What CPUs are used in Chinese supercomputers?


----------



## bobsm

K_Bin_W said:


> What CPUs are used in Chinese supercomputers?




Both systems use native CPU and accelerator architectures 

From the article below:
*It seems that China already has two exascale supercomputers at once – no one else has such systems, not even the United States.*









It seems that China already has two exascale supercomputers at once - no one else has such systems, not even the United States.
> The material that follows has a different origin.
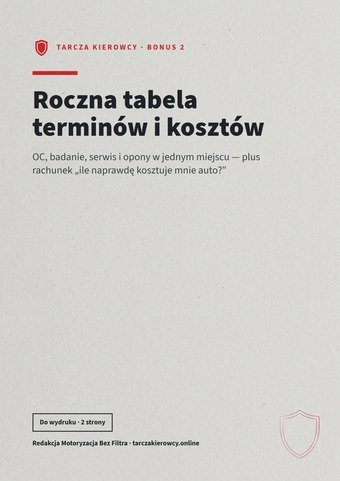 Okładka bonusu „Roczna tabela terminów i kosztów”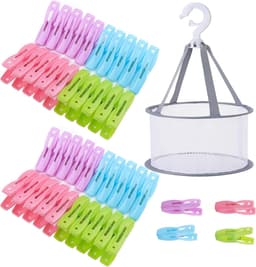 Kleurige Kledingknijpers met Mand - 40 Stuks, Plastic Knijpers, Winddichte Kledingclips voor Wasgoed — thumbnail 1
What many have expected and feared seems to have happened. Edition The Next Platform received from a trusted source the first confirmation of rumors circulating for months that China had successfully overcome the exascale barrier. And he did it back in the spring of this year and on two...




www.aroged.com





One is: 

"The successor to TaihuLight, codenamed Oceanlite, is based on a new generation of Sunway chips (ShenWei) and has a minimum of 42 million cores and a peak performance of 1.3 Eflops in HPL. "

The other one: 

Phytium, developed by Tianjin Phytium Technology.

" Phytium is responsible for their development, whose growth at one time was helped by the ban on the supply of Intel Xeon for Chinese supercomputers. The company has its own 7-nm Arm processors FeiTeng and Matrix Series DSPs. "

Reactions: Like Like:
3


----------



## JSCh

> 新冠药物筛选效率提升200倍 中国新一代天河超算入围戈登贝尔奖评选
> 
> 2021-11-05 22:07:49 出处：快科技 作者：宪瑞 编辑：宪瑞 人气： 4390 次 评论(4)
> 
> 11月5日晚，据央视报道，在天河新一代超级计算机上完成的“基于自由能微扰-绝对结合自由能方法的大规模新冠药物虚拟筛选”工作成功入围2021年度的戈登贝尔新冠特别奖，这是我国首次入围该特别奖奖项。
> 
> 该成果由中国科学院上海药物所陈凯先院士、北京航空航天大学钱德沛教授和荷兰阿姆斯特丹大学Hans Westerhoff教授提名推荐。
> 
> 通过利用天河新一代超级计算机的超大规模算力，使用国际领先的药物-靶标结合精准评价计算方法，实现了新冠应急药物（有效降低致死率和重症率）的快速筛选和发现。
> 
> 团队以新冠病毒的M-Pro和TMPRSS2等重要靶点为研究对象，对来源于美国FDA（食药监局）批准上市及成熟商业库的近180万种小分子与靶点的复合物进行计算评价，在一周内完成了50余万个复杂分子动力学模拟任务，并筛选出98个化合物，其中50个化合物在生物活性测试中表现出较高活性，命中率达到51%，是当前国际最高水平。
> 
> 计算筛选得到的双嘧达莫药物已完成100多例的临床试验，其结果表明：双嘧达莫干预三周后，*新冠重型患者临床症状明显改善，达到87.5%的出院率，明显优于对照组40%出院率，无死亡案例*，无转成危重型案例，该药能提高治愈率并降低病亡率。
> 
> 该药与阿比多尔合用后，新冠普通型患者的出院率为100%，平均出院时间为7天，比阿比多尔单用提前了4天，显示出良好的治疗效果。
> 
> *根据实际测算，在天河新一代超级计算机的支撑下，基于自由能微扰-绝对结合自由能方法的药物筛选效能提升了200倍。*
> 
> 该项成果对于实现针对突发疫情的快速药物响应，具有极为重要的现实意义。
> 
> 同时，基于天河新一代超级计算平台，天津超算中心还联合了天津中医药大学张伯礼院士团队开展治疗新冠的中药有效成分筛选工作，开展中药现代化研究。
> 
> 戈登贝尔奖是国际上高性能计算应用领域的最高学术奖项，被称为“超算领域的诺贝尔奖”，由ACM每年评选和颁发，具有较大的国际影响力。
> 
> 由于新冠疫情的暴发，ACM于2020年首次设立了戈登贝尔奖新冠特别奖（ACM Gordon Bell Special Prize for HPC-Based COVID-19 Research），以表彰在“超算抗疫”方面取得的杰出研究成果。
> 
> 其评价的主要标准为：通过高性能计算的应用和创新，对理解疾病本质、控制疾病传播或发现有效治疗手段作出重要贡献。
> 
> *2020年该奖项有6项成果入围，全部被美国包揽。*


*Machine translation:
Coronavirus drug screening efficiency increased by 200 times China's new generation of Tianhe supercomputers shortlisted for the Gordon Bell Prize*

2021-11-05 22:07:49 From: Fast Technology Author: Xianrui Editor: Xianrui Popularity: 4390 times Comments(4)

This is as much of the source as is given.